VHS Movie Reviews of Pickpocket

Movie Review: Gallic Raskolnikov
Summary: 5 Stars

It's taken me awhile to learn how to appreciate Bresson's films--my fault entirely, not his--but now that I've cottoned onto his cinematic way of speaking, I'm progressively overwhelmed with admiration for what he does. No wonder he only produced a handful of films in a lifetime that spans almost an entire century. He's a meticulous master who carefully and unhurriedly plans each of his movies down to his actor's smallest gesture.

"Pickpocket," like so many of Bresson's films, is a combination of visual story-telling and narrative overlay. One hears the story and sees the story in that duplication that is Bresson's signature. (Sometimes, in fact, there's a tripling effect.) A young intellectual convinces himself that he wants neither human attachments nor conventional lifestyle. He is an ubermensch, above the norms of morality and society. Like Raskolnikov, although without the Russian character's horrible transgression, he begins to live outside the law. He becomes a pickpocket, eventually throws his hand in with a gang, and is finally caught and thrown into jail where, with the help of a young woman's love, he realizes that he neither has nor wants the stuff to be an ubermensch. To put it in a biblical phrase that Bresson would probably like, his heart of stone gets replaced with one of flesh.

"Pickpocket" propels the viewer into a kind of denuded landscape in which frills are totally absent. Bresson always used nonactors--he called them "models"--to avoid theatrical falsehoods. He avoided conventional cinematic techniques such as follow-through between scenes. He coached his models in avoiding facial expressions, voice tones, or mannerisms that would manipulate the emotions or empathy of the audience. The flatness of "Pickpocket" is so effective that the final scene, in which the protagonist's cold aloofness melts, at first seems too abrupt, too artificial. Whether it works or not is up to the viewer to decide.
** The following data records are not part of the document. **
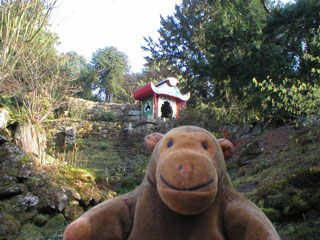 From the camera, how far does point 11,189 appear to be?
4.90 metres

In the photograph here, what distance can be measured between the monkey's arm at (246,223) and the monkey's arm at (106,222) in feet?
1.85

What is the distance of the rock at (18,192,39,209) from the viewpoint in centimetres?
486

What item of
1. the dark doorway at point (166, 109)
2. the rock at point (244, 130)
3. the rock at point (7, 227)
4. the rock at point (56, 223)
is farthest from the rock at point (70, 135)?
the rock at point (7, 227)

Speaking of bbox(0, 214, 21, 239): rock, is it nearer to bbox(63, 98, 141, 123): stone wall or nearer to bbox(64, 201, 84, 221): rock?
bbox(64, 201, 84, 221): rock

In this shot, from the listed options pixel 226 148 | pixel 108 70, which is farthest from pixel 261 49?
pixel 108 70

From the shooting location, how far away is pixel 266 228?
1.34 meters

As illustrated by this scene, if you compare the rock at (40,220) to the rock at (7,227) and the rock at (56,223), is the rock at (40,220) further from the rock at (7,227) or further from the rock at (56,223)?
the rock at (7,227)

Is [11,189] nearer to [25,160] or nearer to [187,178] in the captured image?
[25,160]

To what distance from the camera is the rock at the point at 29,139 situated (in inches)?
255

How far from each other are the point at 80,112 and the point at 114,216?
1516cm

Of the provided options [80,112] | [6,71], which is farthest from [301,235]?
[80,112]

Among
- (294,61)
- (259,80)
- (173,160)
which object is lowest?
(173,160)

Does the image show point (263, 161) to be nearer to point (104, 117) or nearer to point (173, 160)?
point (173, 160)

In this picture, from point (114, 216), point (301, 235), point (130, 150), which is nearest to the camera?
point (114, 216) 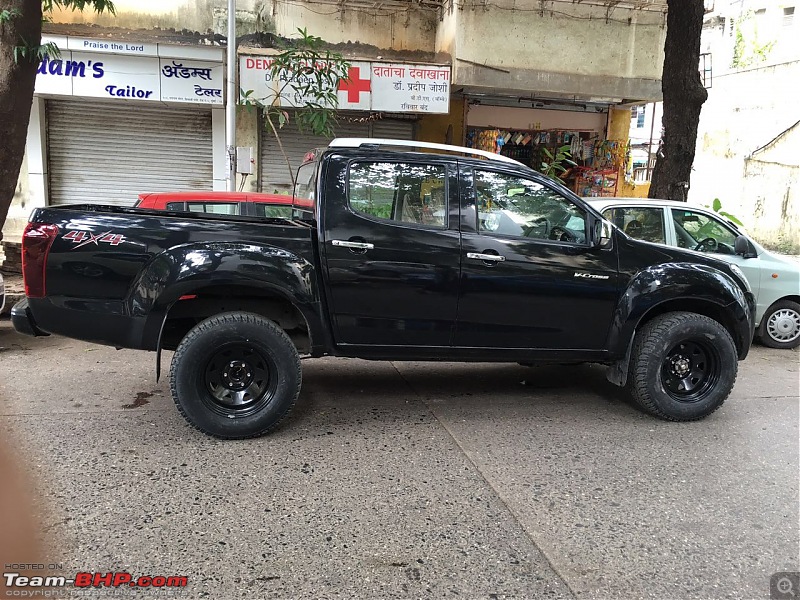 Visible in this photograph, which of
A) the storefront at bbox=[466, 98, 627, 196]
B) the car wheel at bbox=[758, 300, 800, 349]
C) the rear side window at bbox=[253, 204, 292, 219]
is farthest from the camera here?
the storefront at bbox=[466, 98, 627, 196]

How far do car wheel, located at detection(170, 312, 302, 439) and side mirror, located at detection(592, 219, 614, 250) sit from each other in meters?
2.36

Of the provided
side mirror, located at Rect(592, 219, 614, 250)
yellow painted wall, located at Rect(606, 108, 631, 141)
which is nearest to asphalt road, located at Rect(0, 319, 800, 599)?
side mirror, located at Rect(592, 219, 614, 250)

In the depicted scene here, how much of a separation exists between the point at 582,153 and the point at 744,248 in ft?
20.9

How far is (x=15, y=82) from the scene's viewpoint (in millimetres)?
6562

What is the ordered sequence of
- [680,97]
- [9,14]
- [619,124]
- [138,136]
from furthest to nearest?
[619,124]
[138,136]
[680,97]
[9,14]

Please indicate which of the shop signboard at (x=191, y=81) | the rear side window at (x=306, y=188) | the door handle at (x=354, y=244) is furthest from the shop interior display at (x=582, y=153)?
the door handle at (x=354, y=244)

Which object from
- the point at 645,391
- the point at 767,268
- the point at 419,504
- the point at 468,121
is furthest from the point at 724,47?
the point at 419,504

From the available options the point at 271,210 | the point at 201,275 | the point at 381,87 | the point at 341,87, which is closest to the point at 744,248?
the point at 271,210

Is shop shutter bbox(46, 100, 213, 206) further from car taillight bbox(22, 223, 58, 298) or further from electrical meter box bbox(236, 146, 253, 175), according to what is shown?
car taillight bbox(22, 223, 58, 298)

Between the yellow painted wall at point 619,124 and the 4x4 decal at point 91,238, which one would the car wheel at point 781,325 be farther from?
the 4x4 decal at point 91,238

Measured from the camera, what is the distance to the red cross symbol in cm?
1020

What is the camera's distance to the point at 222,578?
264cm

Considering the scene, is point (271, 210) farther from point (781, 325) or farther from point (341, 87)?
point (781, 325)

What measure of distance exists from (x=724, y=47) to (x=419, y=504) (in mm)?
35924
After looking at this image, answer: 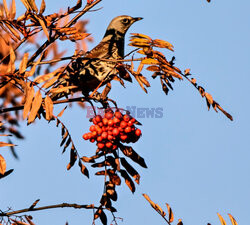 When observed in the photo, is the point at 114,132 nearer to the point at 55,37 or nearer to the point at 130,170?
the point at 130,170

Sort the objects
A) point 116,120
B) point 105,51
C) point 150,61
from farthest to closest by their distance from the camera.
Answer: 1. point 105,51
2. point 116,120
3. point 150,61

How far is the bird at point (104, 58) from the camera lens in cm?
267

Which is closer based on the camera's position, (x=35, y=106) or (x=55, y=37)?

But clearly what Bresson is striving for is a sudden whammy effect--a breaking-of-the-ice response on the part of the audience that mirrors the conversion experienced by the protagonist.
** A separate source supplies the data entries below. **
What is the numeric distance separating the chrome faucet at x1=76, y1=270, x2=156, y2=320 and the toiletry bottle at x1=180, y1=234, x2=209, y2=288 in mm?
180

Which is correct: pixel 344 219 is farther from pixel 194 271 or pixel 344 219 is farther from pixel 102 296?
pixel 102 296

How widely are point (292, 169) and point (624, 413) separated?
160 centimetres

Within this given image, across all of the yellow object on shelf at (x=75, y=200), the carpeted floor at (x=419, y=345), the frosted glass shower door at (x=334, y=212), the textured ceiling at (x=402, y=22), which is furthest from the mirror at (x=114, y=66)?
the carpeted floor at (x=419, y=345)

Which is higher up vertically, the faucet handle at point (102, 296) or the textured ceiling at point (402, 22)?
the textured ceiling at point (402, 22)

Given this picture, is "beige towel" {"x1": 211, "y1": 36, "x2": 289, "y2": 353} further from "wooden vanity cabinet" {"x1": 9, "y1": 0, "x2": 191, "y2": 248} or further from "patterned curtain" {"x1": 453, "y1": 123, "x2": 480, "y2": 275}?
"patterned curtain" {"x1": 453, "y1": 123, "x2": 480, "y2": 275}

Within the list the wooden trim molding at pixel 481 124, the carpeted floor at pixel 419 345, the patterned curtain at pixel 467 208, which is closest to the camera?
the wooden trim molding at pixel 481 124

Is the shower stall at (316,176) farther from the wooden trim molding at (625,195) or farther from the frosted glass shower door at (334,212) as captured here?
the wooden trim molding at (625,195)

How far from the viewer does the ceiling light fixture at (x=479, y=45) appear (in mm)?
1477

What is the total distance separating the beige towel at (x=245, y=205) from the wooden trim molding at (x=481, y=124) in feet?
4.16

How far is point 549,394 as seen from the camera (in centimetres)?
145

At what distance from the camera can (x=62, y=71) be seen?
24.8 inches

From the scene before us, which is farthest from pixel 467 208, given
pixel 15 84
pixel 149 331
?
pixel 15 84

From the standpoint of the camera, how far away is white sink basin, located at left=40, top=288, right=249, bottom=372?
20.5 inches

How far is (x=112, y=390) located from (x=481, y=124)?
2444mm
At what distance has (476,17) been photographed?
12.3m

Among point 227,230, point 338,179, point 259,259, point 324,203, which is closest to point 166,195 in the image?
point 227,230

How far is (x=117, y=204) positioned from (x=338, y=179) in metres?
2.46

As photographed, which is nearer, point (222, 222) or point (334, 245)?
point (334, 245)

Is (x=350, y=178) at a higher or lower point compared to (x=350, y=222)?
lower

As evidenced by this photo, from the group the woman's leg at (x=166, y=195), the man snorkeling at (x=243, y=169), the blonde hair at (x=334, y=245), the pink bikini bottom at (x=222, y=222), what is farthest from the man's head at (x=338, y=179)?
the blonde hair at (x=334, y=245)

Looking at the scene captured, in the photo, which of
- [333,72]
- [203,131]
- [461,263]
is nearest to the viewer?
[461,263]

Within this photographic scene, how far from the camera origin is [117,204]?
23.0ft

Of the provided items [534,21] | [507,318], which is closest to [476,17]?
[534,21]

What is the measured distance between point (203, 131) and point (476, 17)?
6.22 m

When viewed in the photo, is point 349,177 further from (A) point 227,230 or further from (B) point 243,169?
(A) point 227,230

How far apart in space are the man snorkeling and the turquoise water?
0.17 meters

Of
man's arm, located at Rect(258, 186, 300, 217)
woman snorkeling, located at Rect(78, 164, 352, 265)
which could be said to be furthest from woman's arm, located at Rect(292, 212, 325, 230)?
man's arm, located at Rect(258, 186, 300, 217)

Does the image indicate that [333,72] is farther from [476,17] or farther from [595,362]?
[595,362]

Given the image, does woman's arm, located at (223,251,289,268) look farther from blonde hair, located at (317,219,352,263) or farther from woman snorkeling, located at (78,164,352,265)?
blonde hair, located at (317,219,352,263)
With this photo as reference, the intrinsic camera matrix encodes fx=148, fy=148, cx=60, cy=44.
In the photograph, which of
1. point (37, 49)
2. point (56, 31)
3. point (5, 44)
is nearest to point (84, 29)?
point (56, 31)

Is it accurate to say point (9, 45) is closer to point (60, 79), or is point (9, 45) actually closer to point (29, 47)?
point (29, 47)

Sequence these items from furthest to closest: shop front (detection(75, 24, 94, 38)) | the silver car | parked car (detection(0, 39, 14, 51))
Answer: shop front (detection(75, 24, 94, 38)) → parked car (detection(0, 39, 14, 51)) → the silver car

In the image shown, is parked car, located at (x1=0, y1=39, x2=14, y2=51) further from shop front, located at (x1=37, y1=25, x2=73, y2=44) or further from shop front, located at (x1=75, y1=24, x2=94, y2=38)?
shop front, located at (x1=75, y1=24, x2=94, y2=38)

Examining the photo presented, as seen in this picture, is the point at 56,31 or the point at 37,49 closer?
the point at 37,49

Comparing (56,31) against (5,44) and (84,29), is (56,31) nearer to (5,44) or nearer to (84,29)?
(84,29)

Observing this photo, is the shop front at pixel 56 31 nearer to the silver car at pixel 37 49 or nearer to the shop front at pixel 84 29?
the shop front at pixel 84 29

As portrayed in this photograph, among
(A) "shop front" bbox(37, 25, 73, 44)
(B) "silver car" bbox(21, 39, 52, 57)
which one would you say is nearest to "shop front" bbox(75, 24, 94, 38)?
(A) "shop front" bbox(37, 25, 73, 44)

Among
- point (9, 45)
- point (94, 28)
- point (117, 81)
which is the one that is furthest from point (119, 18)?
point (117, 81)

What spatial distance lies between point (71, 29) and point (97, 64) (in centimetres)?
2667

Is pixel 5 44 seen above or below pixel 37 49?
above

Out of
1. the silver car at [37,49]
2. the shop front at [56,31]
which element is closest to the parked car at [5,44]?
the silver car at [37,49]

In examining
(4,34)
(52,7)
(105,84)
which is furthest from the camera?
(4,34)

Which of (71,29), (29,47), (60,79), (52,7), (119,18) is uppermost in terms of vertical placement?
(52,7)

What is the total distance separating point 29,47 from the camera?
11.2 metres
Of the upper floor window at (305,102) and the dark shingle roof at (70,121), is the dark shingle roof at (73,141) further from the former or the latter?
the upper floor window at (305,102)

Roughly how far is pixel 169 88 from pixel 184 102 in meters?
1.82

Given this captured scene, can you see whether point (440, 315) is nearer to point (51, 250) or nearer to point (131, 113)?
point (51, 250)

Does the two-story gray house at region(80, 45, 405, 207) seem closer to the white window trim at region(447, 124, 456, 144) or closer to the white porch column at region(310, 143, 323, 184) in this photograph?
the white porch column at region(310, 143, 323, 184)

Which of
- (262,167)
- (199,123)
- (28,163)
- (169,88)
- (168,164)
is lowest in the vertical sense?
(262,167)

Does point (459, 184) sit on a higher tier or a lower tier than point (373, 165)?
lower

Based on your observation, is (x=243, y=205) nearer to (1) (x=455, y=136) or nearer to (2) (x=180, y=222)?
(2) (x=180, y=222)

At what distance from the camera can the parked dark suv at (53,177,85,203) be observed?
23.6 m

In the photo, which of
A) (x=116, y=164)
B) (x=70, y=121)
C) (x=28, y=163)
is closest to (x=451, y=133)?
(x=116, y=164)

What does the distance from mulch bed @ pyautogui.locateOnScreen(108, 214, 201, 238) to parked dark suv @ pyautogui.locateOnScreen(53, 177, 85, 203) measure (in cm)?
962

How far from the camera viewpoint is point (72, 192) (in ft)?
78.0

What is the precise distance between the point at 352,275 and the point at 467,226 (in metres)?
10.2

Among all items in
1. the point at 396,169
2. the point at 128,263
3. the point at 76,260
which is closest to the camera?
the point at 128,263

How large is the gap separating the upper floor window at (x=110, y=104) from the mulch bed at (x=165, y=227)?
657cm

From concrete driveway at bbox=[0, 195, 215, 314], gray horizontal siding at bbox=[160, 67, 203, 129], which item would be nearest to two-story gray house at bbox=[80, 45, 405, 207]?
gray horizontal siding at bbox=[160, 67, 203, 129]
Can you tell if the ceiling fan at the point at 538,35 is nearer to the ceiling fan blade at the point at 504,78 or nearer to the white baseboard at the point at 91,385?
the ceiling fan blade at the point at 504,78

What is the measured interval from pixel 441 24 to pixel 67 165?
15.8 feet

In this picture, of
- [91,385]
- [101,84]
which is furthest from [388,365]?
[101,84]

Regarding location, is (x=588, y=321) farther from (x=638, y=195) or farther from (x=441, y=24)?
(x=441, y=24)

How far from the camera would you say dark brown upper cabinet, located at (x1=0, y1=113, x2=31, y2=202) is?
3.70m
The Criterion edition of this film is wonderfully remastered, and its supplemental materials are fascinating. They include interviews with the principle actors 40 years later, a marvelous clip of a pickpocket artist who influenced Bresson's decision to make the film, and most significantly a stunningly brilliant analysis of the film by screenwriter Paul Schrader. Schrader describes Bresson's film as "perverse"--but for Schrader, this is a high compliment, because Bresson's cinematic perversion consists in violating the conventionalities of film making.

At least 6 stars.

Movie Review: Watch the "support" pieces too!
Summary: 5 Stars

Watch the movie slowly, if you think you missed something you probably did. Play it back. After you watch it the first time look at all of the extra features that are part of the Criterion Collection; especially the Models. Then watch again. Spread all of this out over a week or two...I understand Bresson better and even his rationale and it makes it a great movie without question.

Movie Review: Bresson's Pickpocket will steal your heart.
Summary: 5 Stars

"Robert Bresson is French cinema, as Dostoevsky is the Russian novel and Mozart is the German music"--Jean-Luc Godard.
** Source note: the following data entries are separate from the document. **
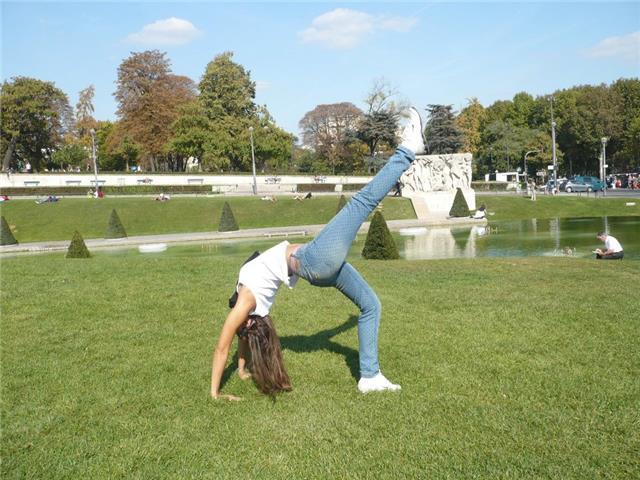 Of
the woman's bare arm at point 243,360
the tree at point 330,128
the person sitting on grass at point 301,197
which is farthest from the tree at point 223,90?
the woman's bare arm at point 243,360

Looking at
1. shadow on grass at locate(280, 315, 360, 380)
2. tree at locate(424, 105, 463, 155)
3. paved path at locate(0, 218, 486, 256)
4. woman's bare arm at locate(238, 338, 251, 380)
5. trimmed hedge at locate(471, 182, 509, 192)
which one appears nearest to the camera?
woman's bare arm at locate(238, 338, 251, 380)

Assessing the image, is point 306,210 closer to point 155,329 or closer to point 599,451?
point 155,329

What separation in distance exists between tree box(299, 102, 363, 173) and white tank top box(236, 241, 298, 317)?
8043 cm

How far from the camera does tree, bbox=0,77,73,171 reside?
62.9 m

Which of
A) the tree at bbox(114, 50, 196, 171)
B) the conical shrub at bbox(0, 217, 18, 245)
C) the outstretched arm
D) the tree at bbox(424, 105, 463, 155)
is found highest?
the tree at bbox(114, 50, 196, 171)

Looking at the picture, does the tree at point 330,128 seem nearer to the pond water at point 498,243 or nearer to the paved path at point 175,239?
the paved path at point 175,239

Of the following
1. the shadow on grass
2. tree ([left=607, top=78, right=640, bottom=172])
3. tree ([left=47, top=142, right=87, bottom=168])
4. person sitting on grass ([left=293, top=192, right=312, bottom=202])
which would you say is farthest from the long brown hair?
tree ([left=47, top=142, right=87, bottom=168])

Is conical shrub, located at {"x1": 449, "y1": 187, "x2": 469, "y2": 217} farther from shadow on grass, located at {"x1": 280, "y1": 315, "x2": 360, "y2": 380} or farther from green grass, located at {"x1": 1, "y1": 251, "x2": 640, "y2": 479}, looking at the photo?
shadow on grass, located at {"x1": 280, "y1": 315, "x2": 360, "y2": 380}

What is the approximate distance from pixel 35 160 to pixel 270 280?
77897 millimetres

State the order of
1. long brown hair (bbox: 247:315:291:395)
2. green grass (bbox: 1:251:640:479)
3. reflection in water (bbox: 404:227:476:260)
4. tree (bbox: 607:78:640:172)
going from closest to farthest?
green grass (bbox: 1:251:640:479), long brown hair (bbox: 247:315:291:395), reflection in water (bbox: 404:227:476:260), tree (bbox: 607:78:640:172)

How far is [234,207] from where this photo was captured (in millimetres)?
41594

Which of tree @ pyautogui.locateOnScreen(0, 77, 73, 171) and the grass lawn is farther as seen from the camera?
tree @ pyautogui.locateOnScreen(0, 77, 73, 171)

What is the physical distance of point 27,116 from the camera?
64.4 m

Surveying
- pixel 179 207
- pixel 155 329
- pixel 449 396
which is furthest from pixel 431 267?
pixel 179 207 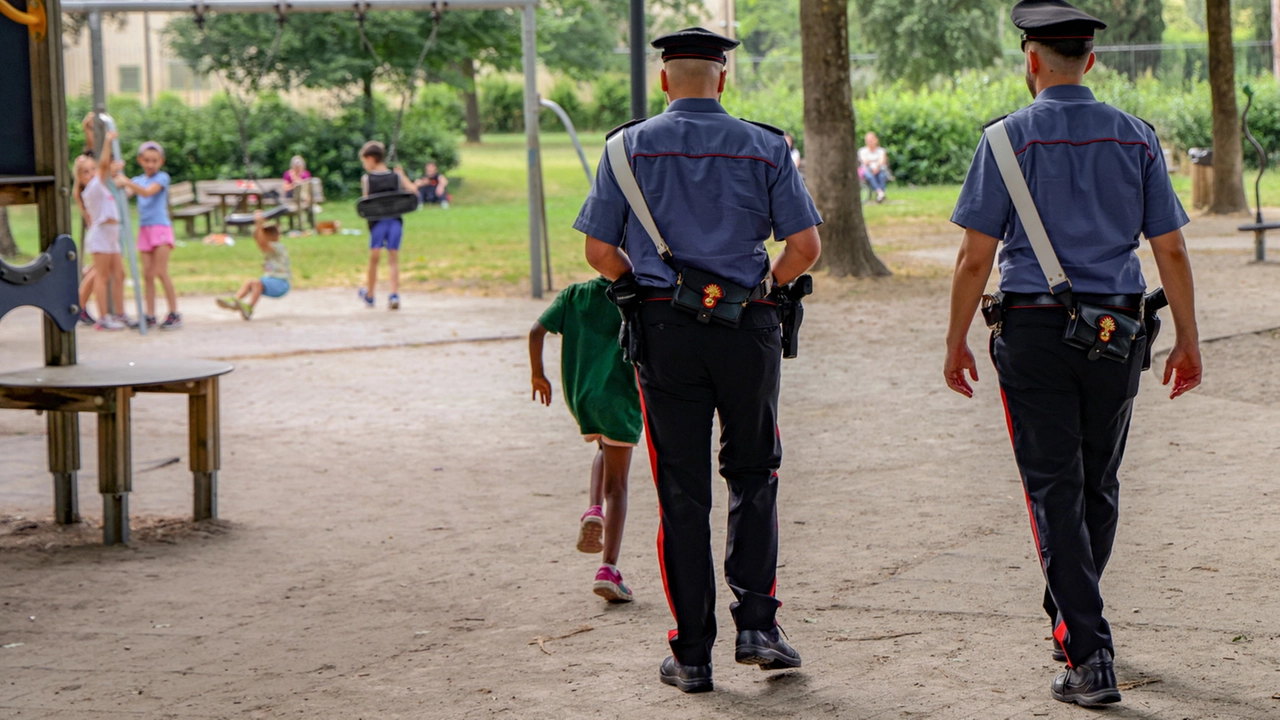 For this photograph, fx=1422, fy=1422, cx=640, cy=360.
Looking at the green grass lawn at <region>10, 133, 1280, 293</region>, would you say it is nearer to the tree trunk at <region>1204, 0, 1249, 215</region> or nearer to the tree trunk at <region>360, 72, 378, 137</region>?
the tree trunk at <region>360, 72, 378, 137</region>

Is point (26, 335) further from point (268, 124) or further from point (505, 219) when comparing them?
point (268, 124)

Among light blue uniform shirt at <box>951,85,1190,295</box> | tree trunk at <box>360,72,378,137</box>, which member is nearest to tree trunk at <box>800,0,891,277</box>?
light blue uniform shirt at <box>951,85,1190,295</box>

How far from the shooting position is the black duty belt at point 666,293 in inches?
159

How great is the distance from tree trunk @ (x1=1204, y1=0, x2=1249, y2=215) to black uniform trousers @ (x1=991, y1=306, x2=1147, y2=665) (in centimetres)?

Inspired perhaps by Dostoevsky's Crime and Punishment, Bresson's 1959 film, Pickpocket, offers a fascinating study of the criminal mind of a petty thief who deliberately places himself above the law because he considers himself superior to ordinary men, and because he is drawn to punishment. Michel (Martin LaSalle) is a nondescript intellectual who, when he is not reading books in his small Paris room, haunts the city's streets, subways, and train stations stealing wallets. He gets an almost erotic thrill from stealing, though his blank expression would never reveal it. Michel's girlfriend, Jeanne (Marika Green), is a good influence who ultimately offers him the possibility of redemption through her unconditional love. Bresson brings a profound almost spiritual quality to his black and white film. Director Paul Schrader (American Gigolo; Cat People; Light Sleeper) describes Pickpocket "as close to perfect as there can be."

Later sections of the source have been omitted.